Italian bonds react little to hawkish counter-proposal to recovery fund
- Italy's 10-year bond yield was up only 2 basis points at 1.66%, near the five-and-a-half-week lows reached after France and Germany made their proposal.
- The risk premium it pays - the gap with Germany's 10-year yield - was at 211 basis points, less than 10 bps higher than Tuesday's five-week lows.
LONDON: Italian bond yields held near multi-week lows early Wednesday, undeterred by the prospect of a hawkish counter-proposal to a plan for a recovery fund offered by France and Germany.
A group of European Union states will propose funding coronavirus recovery efforts with loans, not grants, as the Franco-German plans for a 500 billion-euro fund call for, Austrian Chancellor Sebastian Kurz said on Tuesday. His Dutch, Danish and Swedish counterparts agree, Kurz said.
But Italian and southern European bond yields - which tumbled after the announcement of the Franco-German proposal on Monday - showed little reaction.
Italy's 10-year bond yield was up only 2 basis points at 1.66%, near the five-and-a-half-week lows reached after France and Germany made their proposal.

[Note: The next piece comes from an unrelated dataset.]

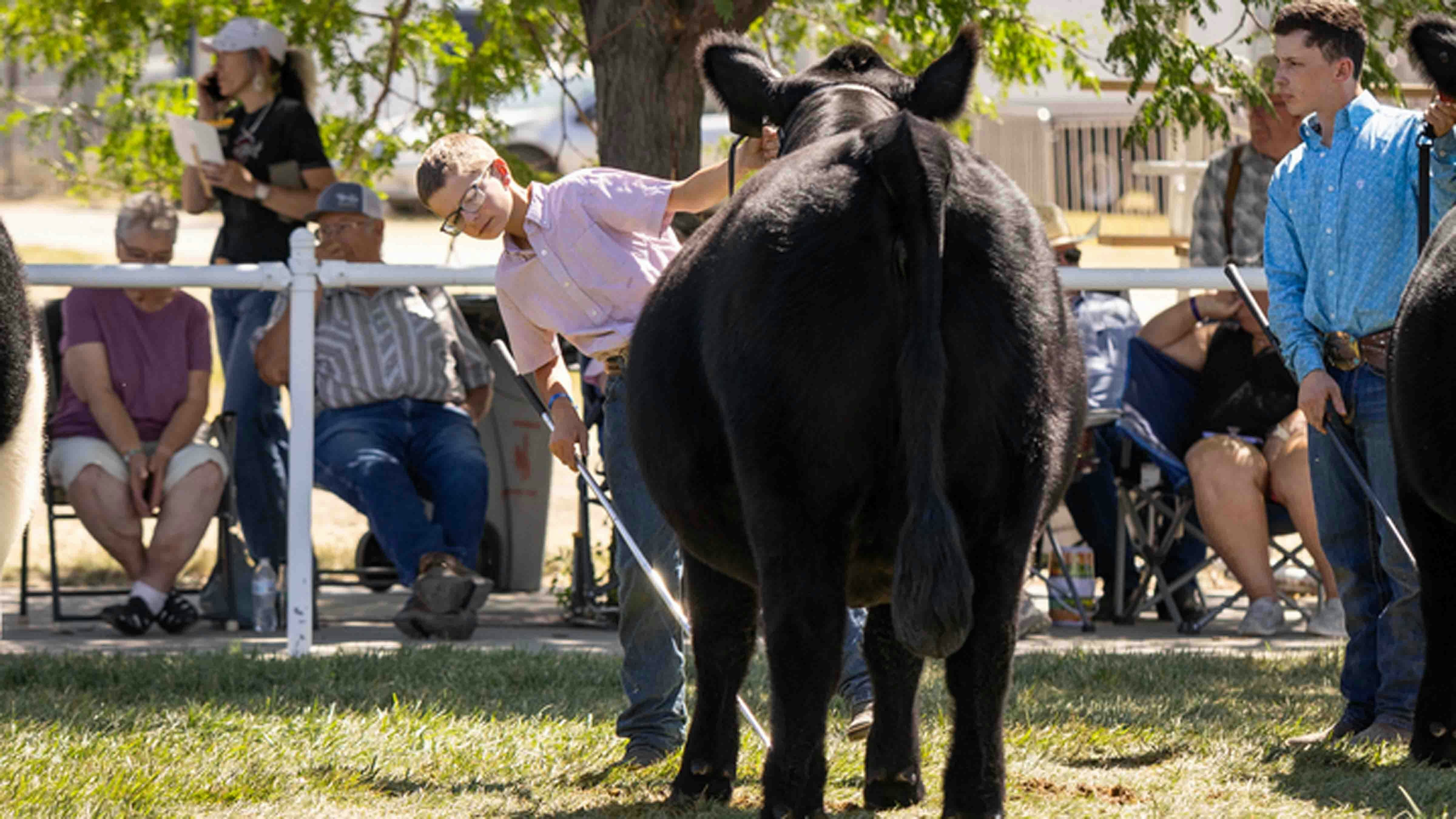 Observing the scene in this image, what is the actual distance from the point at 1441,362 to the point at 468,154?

The risk premium it pays - the gap with Germany's 10-year yield - was at 211 basis points, less than 10 bps higher than Tuesday's five-week lows.
"This suggests that markets remain focussed on Merkel's u-turn regarding grants (instead of loans) and hopes that this marks the starting point towards proper joint issuance," Commerzbank analysts told clients.

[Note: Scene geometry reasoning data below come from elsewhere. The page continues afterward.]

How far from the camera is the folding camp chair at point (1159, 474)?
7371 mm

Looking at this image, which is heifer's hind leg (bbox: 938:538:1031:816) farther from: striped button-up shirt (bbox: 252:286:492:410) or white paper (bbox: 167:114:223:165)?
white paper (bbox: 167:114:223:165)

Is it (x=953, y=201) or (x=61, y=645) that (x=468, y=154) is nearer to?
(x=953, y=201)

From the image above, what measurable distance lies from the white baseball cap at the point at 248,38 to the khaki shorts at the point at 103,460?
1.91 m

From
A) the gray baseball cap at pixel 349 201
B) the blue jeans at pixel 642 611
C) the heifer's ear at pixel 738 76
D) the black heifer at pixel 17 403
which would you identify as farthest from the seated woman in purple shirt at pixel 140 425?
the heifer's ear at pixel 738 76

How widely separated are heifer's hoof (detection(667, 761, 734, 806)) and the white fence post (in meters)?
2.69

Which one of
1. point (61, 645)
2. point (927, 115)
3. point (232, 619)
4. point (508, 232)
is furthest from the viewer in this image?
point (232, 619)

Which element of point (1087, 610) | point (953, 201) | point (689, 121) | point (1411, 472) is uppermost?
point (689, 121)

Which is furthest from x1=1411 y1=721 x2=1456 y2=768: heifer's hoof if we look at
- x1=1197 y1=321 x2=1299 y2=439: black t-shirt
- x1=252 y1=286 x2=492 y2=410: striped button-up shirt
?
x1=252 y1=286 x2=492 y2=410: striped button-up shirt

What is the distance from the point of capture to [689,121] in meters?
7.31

Safe-haven German 10-year yields were unchanged at -0.46% after rising 6 basis points this week.
Elsewhere, focus will be on the primary market. Germany is scheduled to raise 4 billion euros via a re-opening of a 10-year bond. France is scheduled to issue up to 11.25 billion euros of three-year, six-year and inflation-linked bonds.
Analysts will also be watching the allotment of the European Central Bank's first PELTRO - its emergency loan scheme announced last month as part of its efforts to cope with the coronavirus pandemic - although a relatively small take-up is expected.